### Problem to work on
Of the material below, only the lines from the line containing "Abito lungo da" down to the line containing "Verlobungsring / Rotgold 750 / 0,147 ct." belong in the answer, written out exactly.

### Data records
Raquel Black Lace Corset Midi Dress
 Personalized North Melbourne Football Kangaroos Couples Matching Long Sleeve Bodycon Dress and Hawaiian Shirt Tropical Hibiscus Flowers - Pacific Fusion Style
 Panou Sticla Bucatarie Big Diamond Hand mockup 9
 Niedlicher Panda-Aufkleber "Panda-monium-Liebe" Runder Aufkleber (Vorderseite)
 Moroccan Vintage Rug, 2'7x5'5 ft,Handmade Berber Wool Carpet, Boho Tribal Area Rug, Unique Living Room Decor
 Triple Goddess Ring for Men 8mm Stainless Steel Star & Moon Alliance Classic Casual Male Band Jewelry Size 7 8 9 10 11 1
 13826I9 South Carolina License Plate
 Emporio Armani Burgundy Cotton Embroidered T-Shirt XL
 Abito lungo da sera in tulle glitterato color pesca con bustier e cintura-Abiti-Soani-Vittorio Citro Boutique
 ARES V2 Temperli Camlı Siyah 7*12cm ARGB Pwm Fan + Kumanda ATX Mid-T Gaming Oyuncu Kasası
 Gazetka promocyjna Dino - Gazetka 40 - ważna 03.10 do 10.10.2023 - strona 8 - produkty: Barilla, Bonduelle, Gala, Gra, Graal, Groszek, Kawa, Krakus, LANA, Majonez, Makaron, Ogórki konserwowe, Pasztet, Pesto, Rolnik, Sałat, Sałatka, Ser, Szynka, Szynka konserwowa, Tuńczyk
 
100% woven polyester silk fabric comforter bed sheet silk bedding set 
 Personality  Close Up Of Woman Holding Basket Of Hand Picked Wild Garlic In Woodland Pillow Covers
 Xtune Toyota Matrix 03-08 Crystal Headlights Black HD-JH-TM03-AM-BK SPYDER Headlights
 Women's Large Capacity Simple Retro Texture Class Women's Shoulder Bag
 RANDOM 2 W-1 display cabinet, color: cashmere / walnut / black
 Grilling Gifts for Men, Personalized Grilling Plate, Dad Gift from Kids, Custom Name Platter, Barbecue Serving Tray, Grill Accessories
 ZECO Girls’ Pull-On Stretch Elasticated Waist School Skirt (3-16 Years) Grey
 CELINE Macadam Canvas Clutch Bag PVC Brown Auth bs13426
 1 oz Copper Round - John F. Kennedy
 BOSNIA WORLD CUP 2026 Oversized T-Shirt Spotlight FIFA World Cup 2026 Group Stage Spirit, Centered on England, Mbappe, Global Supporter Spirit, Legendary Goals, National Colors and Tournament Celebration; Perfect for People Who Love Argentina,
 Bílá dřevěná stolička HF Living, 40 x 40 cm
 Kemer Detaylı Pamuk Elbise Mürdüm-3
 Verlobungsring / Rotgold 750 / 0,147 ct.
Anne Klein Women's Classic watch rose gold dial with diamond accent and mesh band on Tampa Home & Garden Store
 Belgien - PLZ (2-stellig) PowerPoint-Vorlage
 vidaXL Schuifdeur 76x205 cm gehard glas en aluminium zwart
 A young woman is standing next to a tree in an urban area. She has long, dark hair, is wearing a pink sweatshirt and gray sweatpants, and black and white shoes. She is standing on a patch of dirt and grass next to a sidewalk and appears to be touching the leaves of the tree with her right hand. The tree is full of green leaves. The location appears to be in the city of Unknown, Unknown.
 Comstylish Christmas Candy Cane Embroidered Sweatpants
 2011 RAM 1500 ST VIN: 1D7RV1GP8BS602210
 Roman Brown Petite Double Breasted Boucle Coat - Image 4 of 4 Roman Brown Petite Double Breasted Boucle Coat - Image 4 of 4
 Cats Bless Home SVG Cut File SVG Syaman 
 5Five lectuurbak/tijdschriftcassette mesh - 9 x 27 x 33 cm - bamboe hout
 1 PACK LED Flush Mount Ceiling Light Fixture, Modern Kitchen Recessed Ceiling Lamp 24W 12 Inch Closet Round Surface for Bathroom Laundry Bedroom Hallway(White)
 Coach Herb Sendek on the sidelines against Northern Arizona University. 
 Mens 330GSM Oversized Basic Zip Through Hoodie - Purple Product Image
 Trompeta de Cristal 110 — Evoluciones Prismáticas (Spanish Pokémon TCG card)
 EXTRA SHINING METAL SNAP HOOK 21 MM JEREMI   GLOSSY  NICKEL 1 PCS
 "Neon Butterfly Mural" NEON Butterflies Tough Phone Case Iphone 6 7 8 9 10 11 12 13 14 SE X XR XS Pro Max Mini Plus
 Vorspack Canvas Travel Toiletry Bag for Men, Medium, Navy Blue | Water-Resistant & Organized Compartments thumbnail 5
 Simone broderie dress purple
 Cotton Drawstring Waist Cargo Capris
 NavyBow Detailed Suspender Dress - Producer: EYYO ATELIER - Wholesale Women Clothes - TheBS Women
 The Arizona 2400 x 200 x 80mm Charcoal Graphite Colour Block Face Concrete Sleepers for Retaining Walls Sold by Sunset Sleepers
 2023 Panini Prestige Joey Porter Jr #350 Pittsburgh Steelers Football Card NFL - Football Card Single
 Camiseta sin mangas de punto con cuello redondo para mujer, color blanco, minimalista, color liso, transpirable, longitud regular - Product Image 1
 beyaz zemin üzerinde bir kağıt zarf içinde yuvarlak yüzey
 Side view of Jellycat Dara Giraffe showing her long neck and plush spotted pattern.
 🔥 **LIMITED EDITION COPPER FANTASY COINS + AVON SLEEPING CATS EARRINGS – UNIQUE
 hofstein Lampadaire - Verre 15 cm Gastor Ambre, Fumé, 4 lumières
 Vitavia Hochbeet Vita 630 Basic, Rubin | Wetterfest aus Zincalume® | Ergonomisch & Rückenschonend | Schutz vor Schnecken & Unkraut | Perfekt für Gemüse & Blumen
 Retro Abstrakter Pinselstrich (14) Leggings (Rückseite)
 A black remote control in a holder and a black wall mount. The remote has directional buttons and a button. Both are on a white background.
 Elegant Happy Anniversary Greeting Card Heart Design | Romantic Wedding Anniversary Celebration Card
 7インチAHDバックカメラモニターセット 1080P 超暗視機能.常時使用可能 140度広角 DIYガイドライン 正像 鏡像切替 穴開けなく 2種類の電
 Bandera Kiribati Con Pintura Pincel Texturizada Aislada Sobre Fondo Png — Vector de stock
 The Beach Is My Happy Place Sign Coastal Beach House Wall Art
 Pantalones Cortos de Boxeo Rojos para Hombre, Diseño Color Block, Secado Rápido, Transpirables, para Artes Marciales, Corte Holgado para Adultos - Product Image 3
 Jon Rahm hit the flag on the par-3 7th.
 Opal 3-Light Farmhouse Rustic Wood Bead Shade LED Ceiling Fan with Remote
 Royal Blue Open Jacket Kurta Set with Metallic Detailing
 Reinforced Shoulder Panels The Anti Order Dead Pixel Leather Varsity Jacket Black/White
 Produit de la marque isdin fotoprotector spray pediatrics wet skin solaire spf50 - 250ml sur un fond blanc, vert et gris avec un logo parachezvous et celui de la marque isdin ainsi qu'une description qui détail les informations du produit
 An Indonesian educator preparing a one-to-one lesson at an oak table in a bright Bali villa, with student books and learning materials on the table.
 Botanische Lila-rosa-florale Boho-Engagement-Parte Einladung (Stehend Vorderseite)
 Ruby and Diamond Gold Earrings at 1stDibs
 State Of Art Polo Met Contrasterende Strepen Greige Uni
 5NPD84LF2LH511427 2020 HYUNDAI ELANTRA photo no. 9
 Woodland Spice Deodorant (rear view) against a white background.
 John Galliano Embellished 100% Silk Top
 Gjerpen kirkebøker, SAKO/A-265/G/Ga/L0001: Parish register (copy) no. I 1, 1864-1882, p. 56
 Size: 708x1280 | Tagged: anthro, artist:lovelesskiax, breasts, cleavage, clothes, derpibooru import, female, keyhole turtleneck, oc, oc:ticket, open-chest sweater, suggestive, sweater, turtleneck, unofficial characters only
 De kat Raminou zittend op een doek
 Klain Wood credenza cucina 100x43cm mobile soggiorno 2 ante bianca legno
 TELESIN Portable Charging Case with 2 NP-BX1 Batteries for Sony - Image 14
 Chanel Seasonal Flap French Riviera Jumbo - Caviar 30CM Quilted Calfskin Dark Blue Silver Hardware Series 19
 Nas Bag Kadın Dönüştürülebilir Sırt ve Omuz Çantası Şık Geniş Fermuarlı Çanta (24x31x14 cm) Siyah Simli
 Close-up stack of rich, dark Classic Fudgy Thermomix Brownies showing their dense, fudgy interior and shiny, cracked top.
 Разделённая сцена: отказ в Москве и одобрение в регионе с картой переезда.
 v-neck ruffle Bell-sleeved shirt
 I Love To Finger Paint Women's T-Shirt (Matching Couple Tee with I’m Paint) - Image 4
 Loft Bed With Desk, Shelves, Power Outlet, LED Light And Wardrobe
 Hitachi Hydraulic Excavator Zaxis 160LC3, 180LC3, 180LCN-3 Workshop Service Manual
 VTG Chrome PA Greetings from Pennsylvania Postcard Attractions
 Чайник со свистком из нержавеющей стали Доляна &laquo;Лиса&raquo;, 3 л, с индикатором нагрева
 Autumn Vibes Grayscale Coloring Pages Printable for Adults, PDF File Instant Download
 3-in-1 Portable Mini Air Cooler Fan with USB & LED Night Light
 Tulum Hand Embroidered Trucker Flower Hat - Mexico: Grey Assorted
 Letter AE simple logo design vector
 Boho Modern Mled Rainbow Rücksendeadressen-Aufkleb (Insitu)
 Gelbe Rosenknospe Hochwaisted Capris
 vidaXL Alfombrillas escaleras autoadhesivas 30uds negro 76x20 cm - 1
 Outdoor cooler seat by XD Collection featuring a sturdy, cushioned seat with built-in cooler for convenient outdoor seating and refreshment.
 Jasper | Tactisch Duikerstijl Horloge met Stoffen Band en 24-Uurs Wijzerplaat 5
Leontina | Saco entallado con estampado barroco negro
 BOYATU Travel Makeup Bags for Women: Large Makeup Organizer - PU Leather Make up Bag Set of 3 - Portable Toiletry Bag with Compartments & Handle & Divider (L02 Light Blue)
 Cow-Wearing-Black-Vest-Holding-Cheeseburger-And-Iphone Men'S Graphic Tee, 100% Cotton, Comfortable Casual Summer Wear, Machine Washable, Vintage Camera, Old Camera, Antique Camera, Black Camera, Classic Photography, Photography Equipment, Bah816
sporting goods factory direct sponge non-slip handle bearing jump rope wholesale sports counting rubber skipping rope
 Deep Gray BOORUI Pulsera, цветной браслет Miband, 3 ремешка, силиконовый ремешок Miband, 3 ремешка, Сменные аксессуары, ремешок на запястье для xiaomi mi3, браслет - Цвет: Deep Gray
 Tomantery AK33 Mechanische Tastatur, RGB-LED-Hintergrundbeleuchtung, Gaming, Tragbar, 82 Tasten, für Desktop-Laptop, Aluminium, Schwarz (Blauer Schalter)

### Solution to this task
 Abito lungo da sera in tulle glitterato color pesca con bustier e cintura-Abiti-Soani-Vittorio Citro Boutique
 ARES V2 Temperli Camlı Siyah 7*12cm ARGB Pwm Fan + Kumanda ATX Mid-T Gaming Oyuncu Kasası
 Gazetka promocyjna Dino - Gazetka 40 - ważna 03.10 do 10.10.2023 - strona 8 - produkty: Barilla, Bonduelle, Gala, Gra, Graal, Groszek, Kawa, Krakus, LANA, Majonez, Makaron, Ogórki konserwowe, Pasztet, Pesto, Rolnik, Sałat, Sałatka, Ser, Szynka, Szynka konserwowa, Tuńczyk
 
100% woven polyester silk fabric comforter bed sheet silk bedding set 
 Personality  Close Up Of Woman Holding Basket Of Hand Picked Wild Garlic In Woodland Pillow Covers
 Xtune Toyota Matrix 03-08 Crystal Headlights Black HD-JH-TM03-AM-BK SPYDER Headlights
 Women's Large Capacity Simple Retro Texture Class Women's Shoulder Bag
 RANDOM 2 W-1 display cabinet, color: cashmere / walnut / black
 Grilling Gifts for Men, Personalized Grilling Plate, Dad Gift from Kids, Custom Name Platter, Barbecue Serving Tray, Grill Accessories
 ZECO Girls’ Pull-On Stretch Elasticated Waist School Skirt (3-16 Years) Grey
 CELINE Macadam Canvas Clutch Bag PVC Brown Auth bs13426
 1 oz Copper Round - John F. Kennedy
 BOSNIA WORLD CUP 2026 Oversized T-Shirt Spotlight FIFA World Cup 2026 Group Stage Spirit, Centered on England, Mbappe, Global Supporter Spirit, Legendary Goals, National Colors and Tournament Celebration; Perfect for People Who Love Argentina,
 Bílá dřevěná stolička HF Living, 40 x 40 cm
 Kemer Detaylı Pamuk Elbise Mürdüm-3
 Verlobungsring / Rotgold 750 / 0,147 ct.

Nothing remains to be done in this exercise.